Mon-Thu, 5pm-11pm; Fri, 5pm-midnight; Sat, 11:30am-3pm and 5pm-midnight; Sun, 11:30am-3pm and 5pm-midnight
C, E at 23rd St.
Appetizers, $12 to $18; entrées, $19 to $30.
American Express, Discover, MasterCard, Visa
This venue is closed.
Over the past decade, the accomplished, slightly star-crossed French cook Alain Allegretti has tried on more hats than most. During the course of his peripatetic career, he has worked with luxury-minded luminaries like Alain Ducasse (at Louis XV in Monaco) and Sirio Maccioni (at the old Le Cirque 2000 on Madison Avenue). He’s run the kitchen at a gourmet restaurant at the Ritz (the doomed Atelier), opened his own fussy eponymous French establishment in the Flatiron district (the ill-fated Allegretti), and even done time working at a trendy, crowd-pleasing tourist trap (La Petite Maison, in midtown).
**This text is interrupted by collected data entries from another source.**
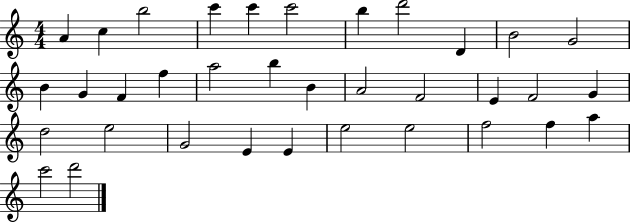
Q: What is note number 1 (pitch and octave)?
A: A4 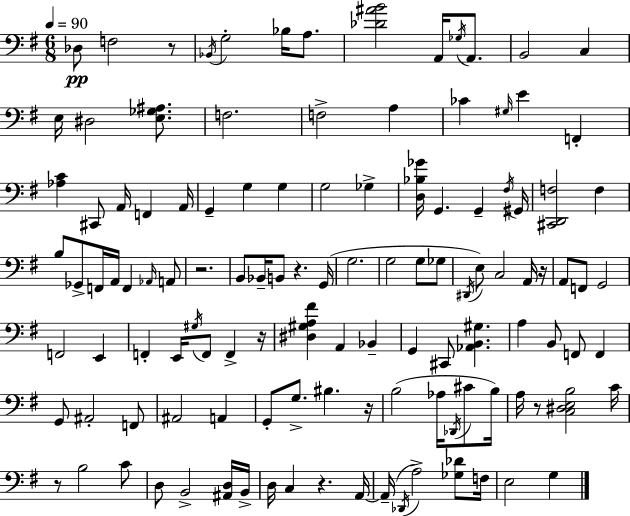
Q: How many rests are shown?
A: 9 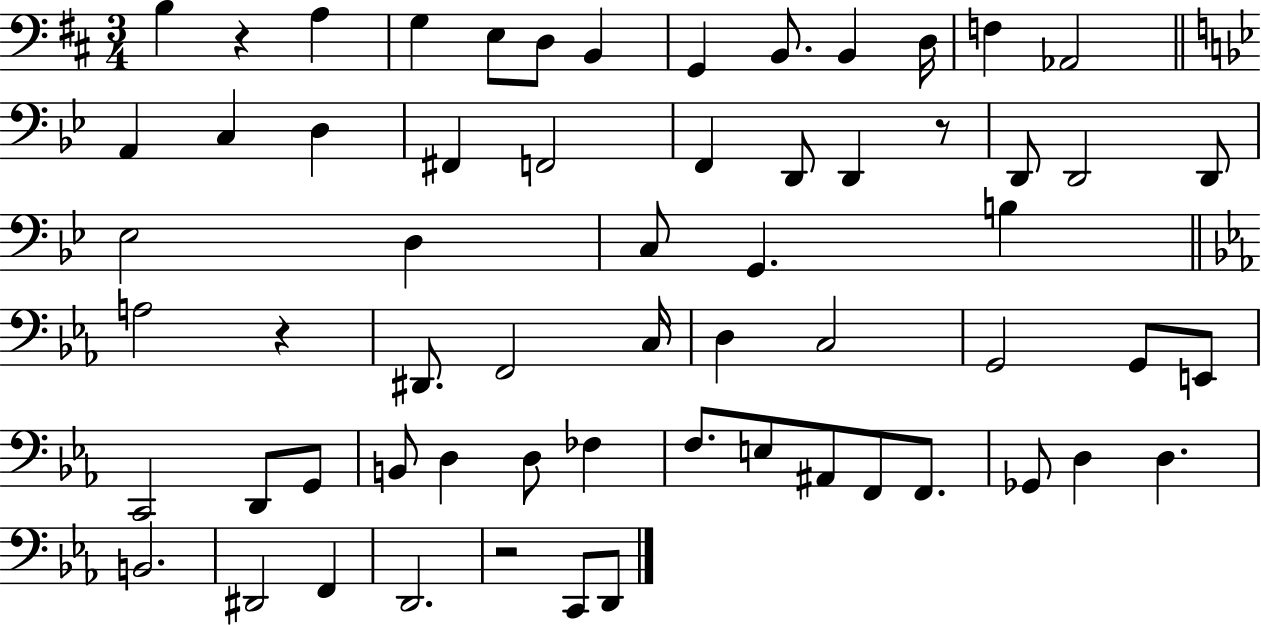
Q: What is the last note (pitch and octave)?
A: D2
At his polished new Chelsea bistro, La Promenade des Anglais, however, Allegretti finally seems to have hit on a style (or a hat, if you will) for this new dining age. The modest-sized room, on the ground floor of the London Terrace apartments on 23rd Street in Chelsea, features bistro-style mirrors and a long, polished white marble bar. The waiters are dressed in vests and jaunty navy sneakers, and the ceiling has been painted with palm trees and cobblestones to evoke the famous promenade in the chef’s hometown of Nice from which the restaurant takes its name. There’s a decent haute burger at this cheerfully unfussy restaurant (lunchtimes only, with brandied onions and melted Gruyère), along with a variety of communal “for the table” items (delicious crostini piled with fresh mussels and fennel, pots of whipped ricotta with wedges of toast), and even an elegant North African–style slider (on the bar menu), which the chef makes with crumbling bits of merguez sausage.
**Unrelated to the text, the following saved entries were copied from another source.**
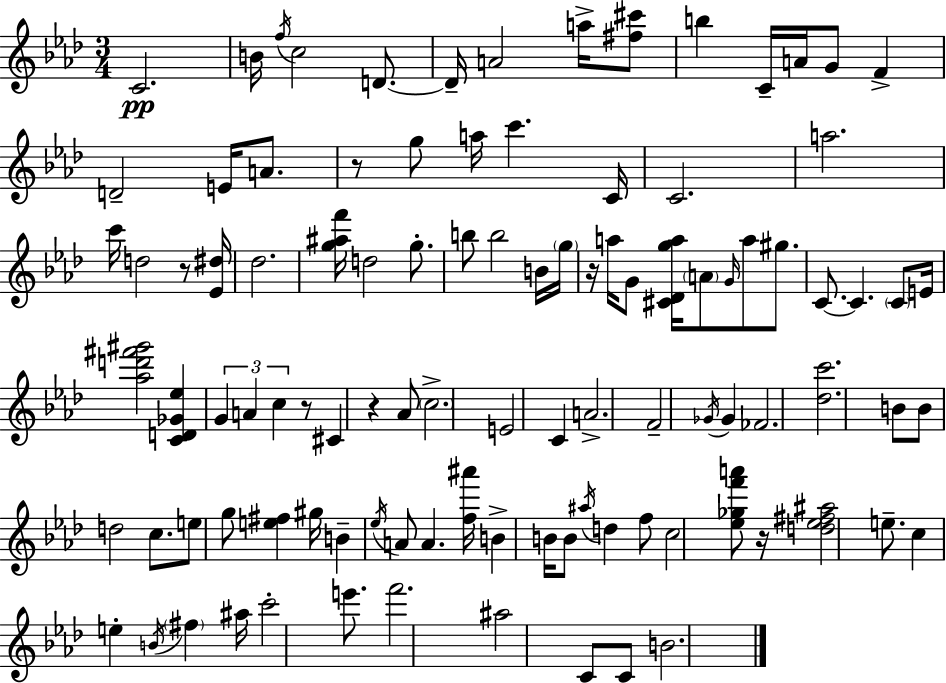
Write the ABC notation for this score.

X:1
T:Untitled
M:3/4
L:1/4
K:Fm
C2 B/4 f/4 c2 D/2 D/4 A2 a/4 [^f^c']/2 b C/4 A/4 G/2 F D2 E/4 A/2 z/2 g/2 a/4 c' C/4 C2 a2 c'/4 d2 z/2 [_E^d]/4 _d2 [g^af']/4 d2 g/2 b/2 b2 B/4 g/4 z/4 a/4 G/2 [^C_Dga]/4 A/2 G/4 a/2 ^g/2 C/2 C C/2 E/4 [_ad'^f'^g']2 [CD_G_e] G A c z/2 ^C z _A/2 c2 E2 C A2 F2 _G/4 _G _F2 [_dc']2 B/2 B/2 d2 c/2 e/2 g/2 [e^f] ^g/4 B _e/4 A/2 A [f^a']/4 B B/4 B/2 ^a/4 d f/2 c2 [_e_gf'a']/2 z/4 [d_e^f^a]2 e/2 c e B/4 ^f ^a/4 c'2 e'/2 f'2 ^a2 C/2 C/2 B2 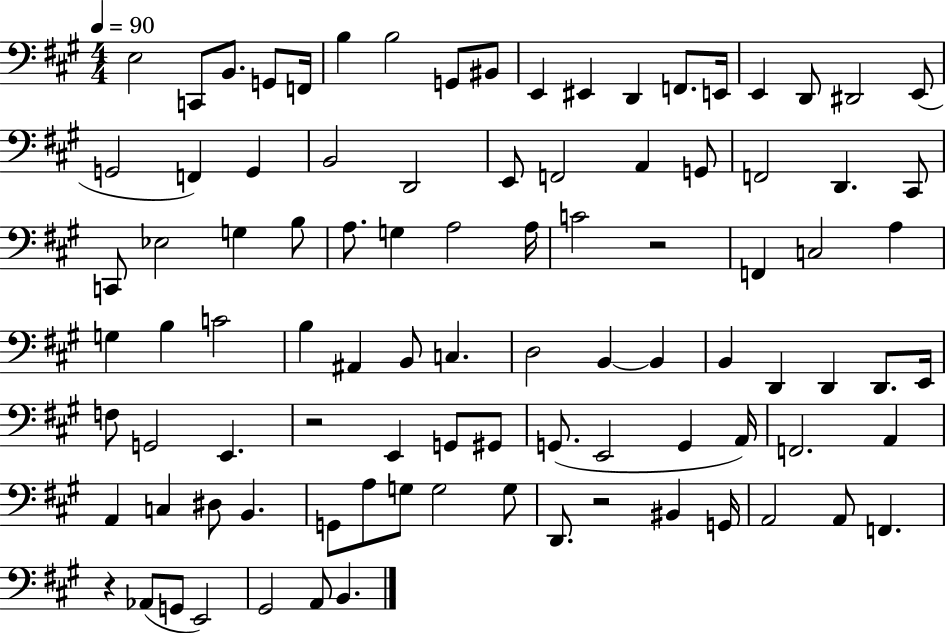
{
  \clef bass
  \numericTimeSignature
  \time 4/4
  \key a \major
  \tempo 4 = 90
  e2 c,8 b,8. g,8 f,16 | b4 b2 g,8 bis,8 | e,4 eis,4 d,4 f,8. e,16 | e,4 d,8 dis,2 e,8( | \break g,2 f,4) g,4 | b,2 d,2 | e,8 f,2 a,4 g,8 | f,2 d,4. cis,8 | \break c,8 ees2 g4 b8 | a8. g4 a2 a16 | c'2 r2 | f,4 c2 a4 | \break g4 b4 c'2 | b4 ais,4 b,8 c4. | d2 b,4~~ b,4 | b,4 d,4 d,4 d,8. e,16 | \break f8 g,2 e,4. | r2 e,4 g,8 gis,8 | g,8.( e,2 g,4 a,16) | f,2. a,4 | \break a,4 c4 dis8 b,4. | g,8 a8 g8 g2 g8 | d,8. r2 bis,4 g,16 | a,2 a,8 f,4. | \break r4 aes,8( g,8 e,2) | gis,2 a,8 b,4. | \bar "|."
} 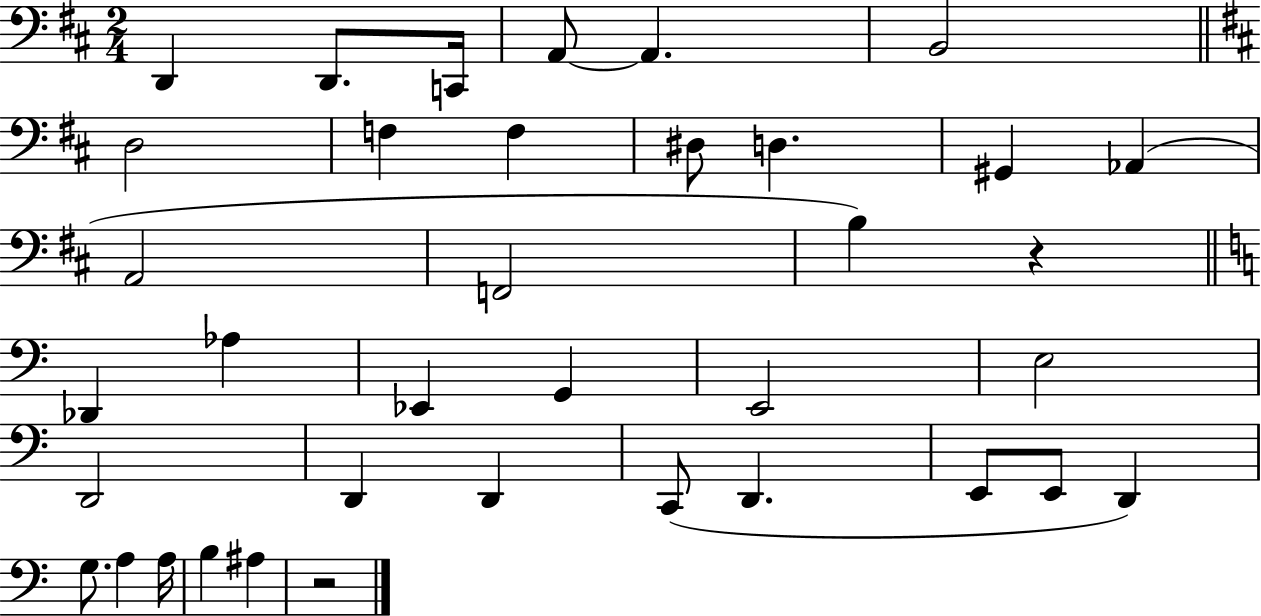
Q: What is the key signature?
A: D major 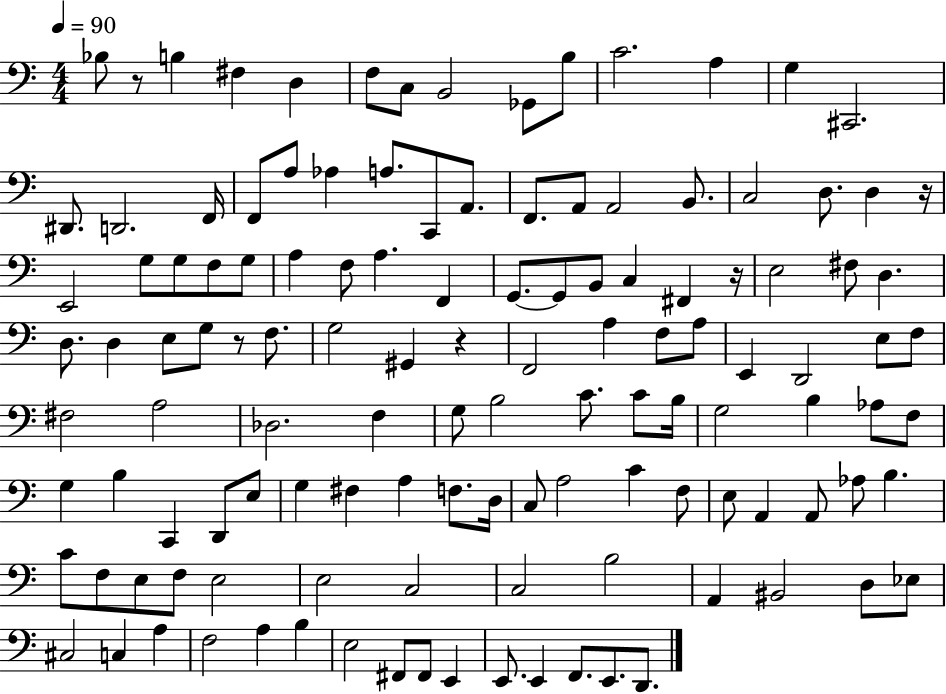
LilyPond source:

{
  \clef bass
  \numericTimeSignature
  \time 4/4
  \key c \major
  \tempo 4 = 90
  bes8 r8 b4 fis4 d4 | f8 c8 b,2 ges,8 b8 | c'2. a4 | g4 cis,2. | \break dis,8. d,2. f,16 | f,8 a8 aes4 a8. c,8 a,8. | f,8. a,8 a,2 b,8. | c2 d8. d4 r16 | \break e,2 g8 g8 f8 g8 | a4 f8 a4. f,4 | g,8.~~ g,8 b,8 c4 fis,4 r16 | e2 fis8 d4. | \break d8. d4 e8 g8 r8 f8. | g2 gis,4 r4 | f,2 a4 f8 a8 | e,4 d,2 e8 f8 | \break fis2 a2 | des2. f4 | g8 b2 c'8. c'8 b16 | g2 b4 aes8 f8 | \break g4 b4 c,4 d,8 e8 | g4 fis4 a4 f8. d16 | c8 a2 c'4 f8 | e8 a,4 a,8 aes8 b4. | \break c'8 f8 e8 f8 e2 | e2 c2 | c2 b2 | a,4 bis,2 d8 ees8 | \break cis2 c4 a4 | f2 a4 b4 | e2 fis,8 fis,8 e,4 | e,8. e,4 f,8. e,8. d,8. | \break \bar "|."
}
Allegretti divides his elevated brasserie menu into a jumble of sections and subsections (I counted eight), and with the exception of the curiously flat and heavy pastas, the best dishes tend to be rooted in his Mediterranean background. The premier for-the-table dish, my tasters and I agreed, was the tempura-like zucchini-flower beignets, which are crunchy like little savory cookies and served with fresh tomato sauce for dipping. The classic French onion soup at this posh little brasserie has an overthick, almost stewlike quality, so get the Provençal fish soup ($14) instead, which has a deep, rusty color to it and is garnished, in vintage Niçoise style, with a feathery house-made rouille. That old Mediterranean staple octopus a la plancha ($16) is enlivened here with fried chickpeas and chorizo, and the delicious frog’s legs Provençal is served over a layer of smooth, gently dissolving garlic cream.
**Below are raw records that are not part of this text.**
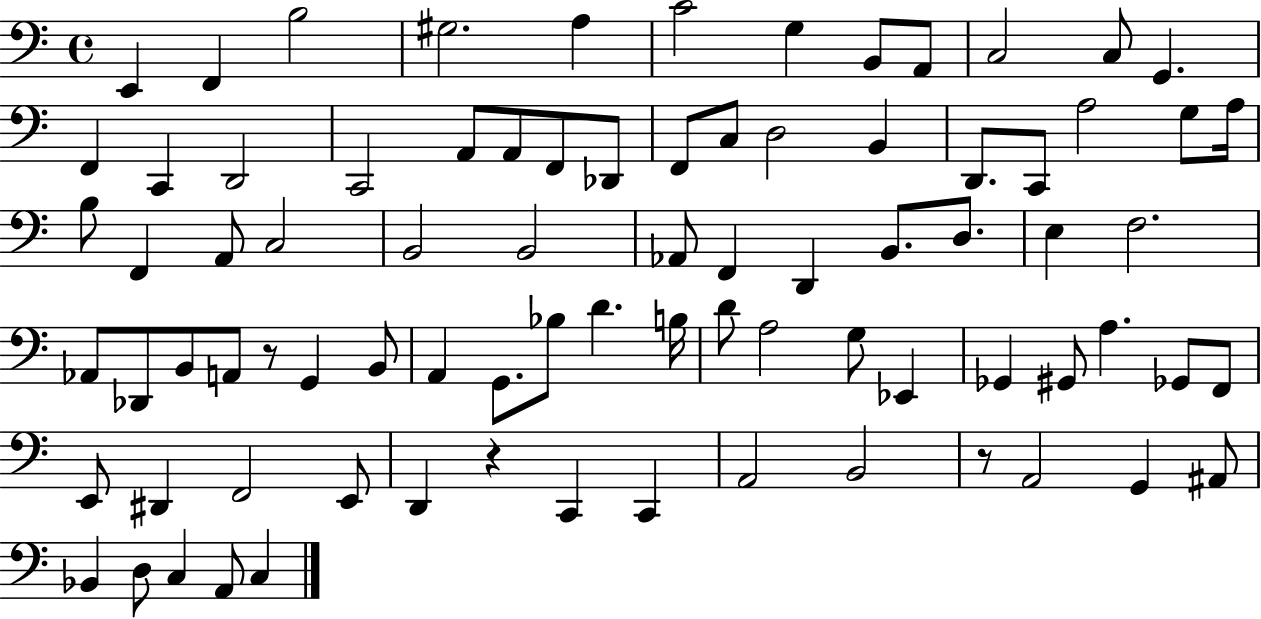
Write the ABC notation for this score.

X:1
T:Untitled
M:4/4
L:1/4
K:C
E,, F,, B,2 ^G,2 A, C2 G, B,,/2 A,,/2 C,2 C,/2 G,, F,, C,, D,,2 C,,2 A,,/2 A,,/2 F,,/2 _D,,/2 F,,/2 C,/2 D,2 B,, D,,/2 C,,/2 A,2 G,/2 A,/4 B,/2 F,, A,,/2 C,2 B,,2 B,,2 _A,,/2 F,, D,, B,,/2 D,/2 E, F,2 _A,,/2 _D,,/2 B,,/2 A,,/2 z/2 G,, B,,/2 A,, G,,/2 _B,/2 D B,/4 D/2 A,2 G,/2 _E,, _G,, ^G,,/2 A, _G,,/2 F,,/2 E,,/2 ^D,, F,,2 E,,/2 D,, z C,, C,, A,,2 B,,2 z/2 A,,2 G,, ^A,,/2 _B,, D,/2 C, A,,/2 C, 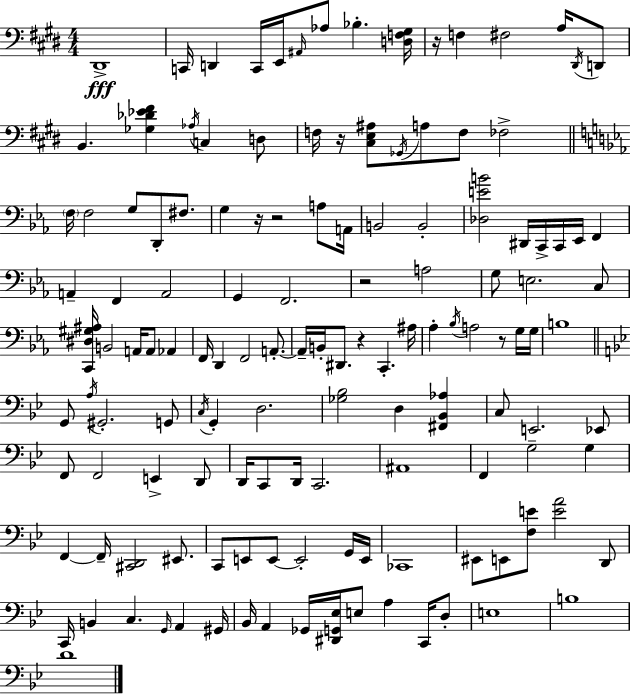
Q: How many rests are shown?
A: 7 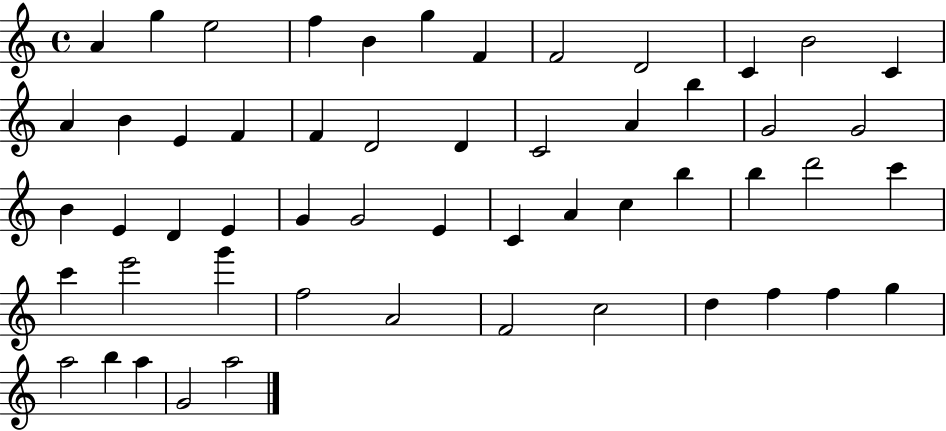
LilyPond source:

{
  \clef treble
  \time 4/4
  \defaultTimeSignature
  \key c \major
  a'4 g''4 e''2 | f''4 b'4 g''4 f'4 | f'2 d'2 | c'4 b'2 c'4 | \break a'4 b'4 e'4 f'4 | f'4 d'2 d'4 | c'2 a'4 b''4 | g'2 g'2 | \break b'4 e'4 d'4 e'4 | g'4 g'2 e'4 | c'4 a'4 c''4 b''4 | b''4 d'''2 c'''4 | \break c'''4 e'''2 g'''4 | f''2 a'2 | f'2 c''2 | d''4 f''4 f''4 g''4 | \break a''2 b''4 a''4 | g'2 a''2 | \bar "|."
}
Most of the seafood entrées at La Promenade (try the grilled branzino with lemon olive oil) are executed with a similarly light touch, and if you’re in the mood for something heavier, the kitchen can do that too. The osso buco I ordered one evening was tender enough to eat with a spoon, and the honey-glazed duck breast ($29) tastes like something you’d find at the grand old gourmet establishments Allegretti used to haunt uptown. You can complement these dishes with ten varieties of Champagne, and a slew of cocktails with un-Niçoise names like the Kentucky Redhead and Pumpkin Divine. The desserts are similarly fashionable and up-to-date (try the s’mores-like guanaja mousse), although none of them packs as much punch as that old Ducasse favorite baba au rhum, which the kitchen dresses with orange zest and decadent spoonfuls of whipped cream.